**WHAT IS EXPECTED:** Please restate the data below word for word, omitting all images.

**AVAILABLE DATA:**
-------
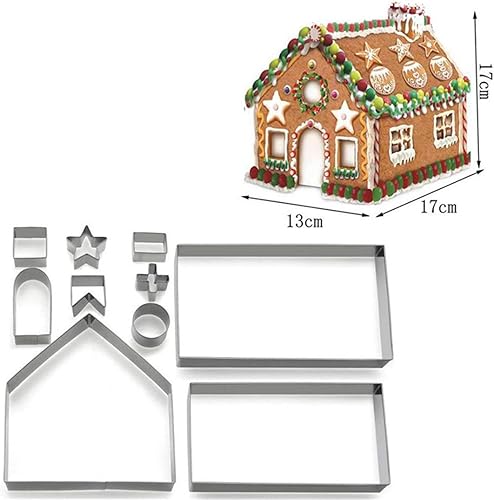 Miniatura 2 de Zavaca 10 piezas de acero inoxidable 3D Navidad casa de jengibre cortadores de galletas de dibujos animados molde cortador de galletas para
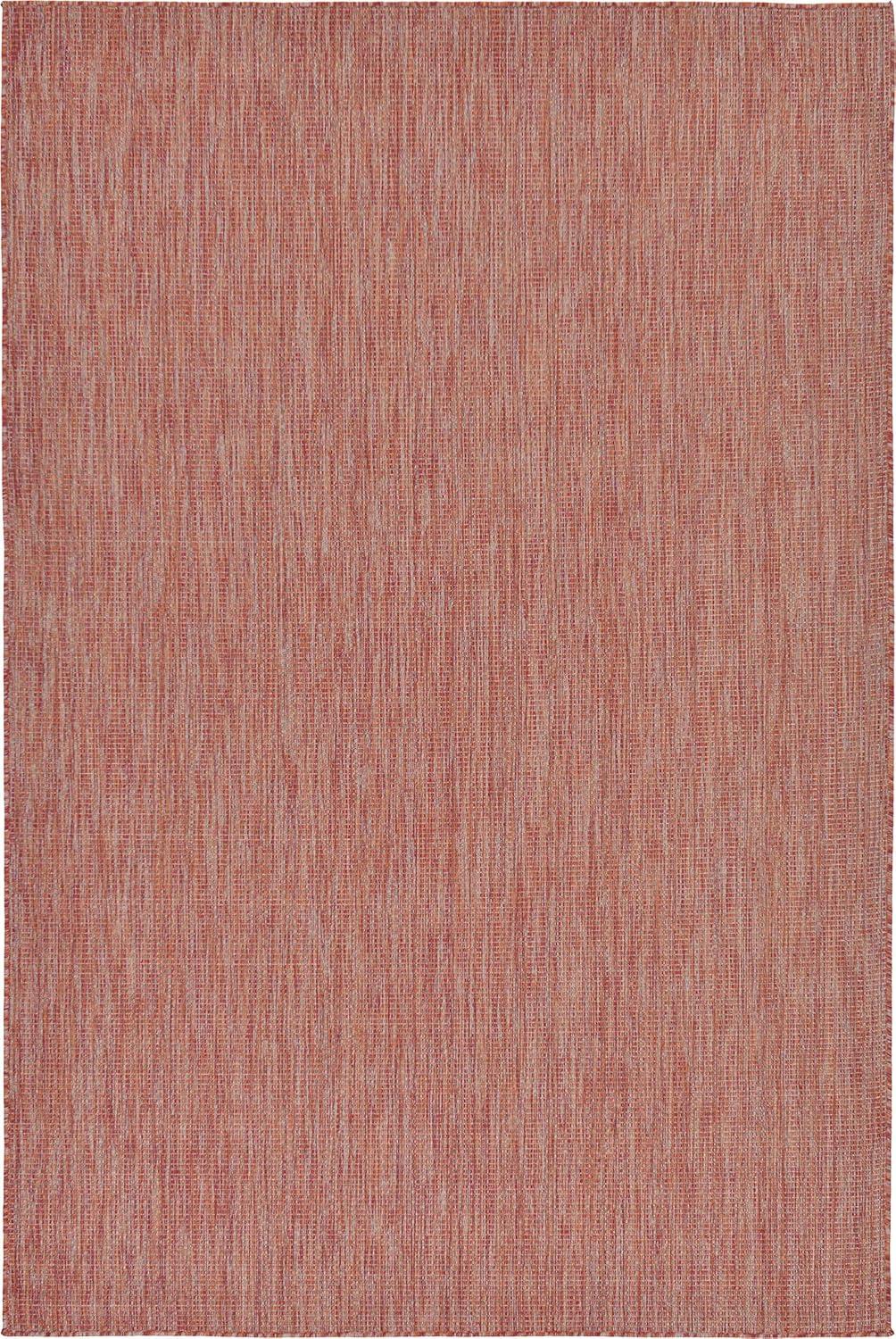 Unique Loom 6' 1 x 9' 0 Rectangle Indoor/Outdoor Solid Rust Red Area Rug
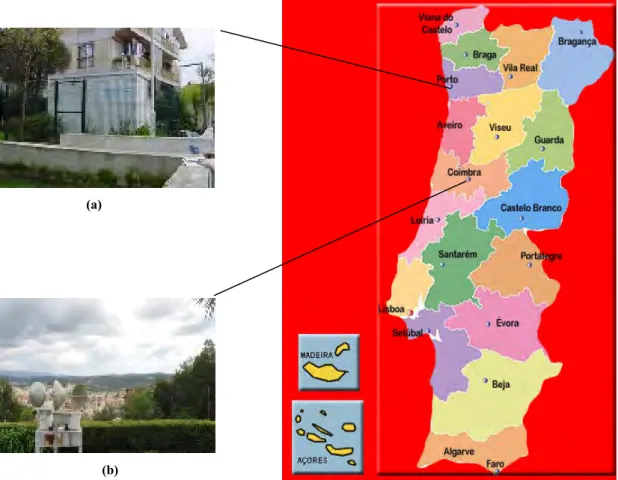 Figura 6 – Localização das estações de amostragem: (a) - estação do Porto; (b) - estação de Coimbra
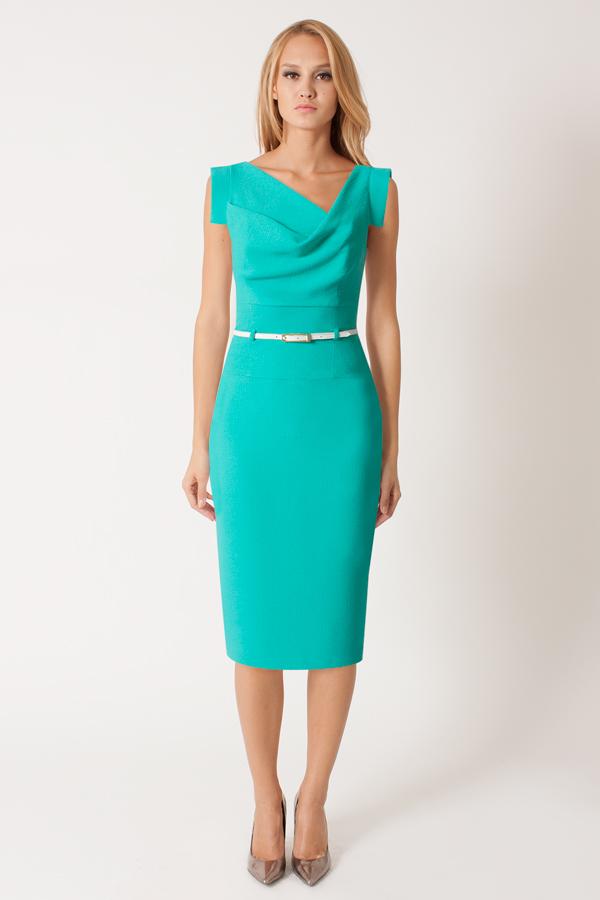 Black Halo Pebble Crepe Jackie O Dress In Mint Sorbet, Size 0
-------
**SOLUTION TO THIS EXERCISE:**
 Miniatura 2 de Zavaca 10 piezas de acero inoxidable 3D Navidad casa de jengibre cortadores de galletas de dibujos animados molde cortador de galletas para
 Unique Loom 6' 1 x 9' 0 Rectangle Indoor/Outdoor Solid Rust Red Area Rug
 Figura 6 – Localização das estações de amostragem: (a) - estação do Porto; (b) - estação de Coimbra
 Black Halo Pebble Crepe Jackie O Dress In Mint Sorbet, Size 0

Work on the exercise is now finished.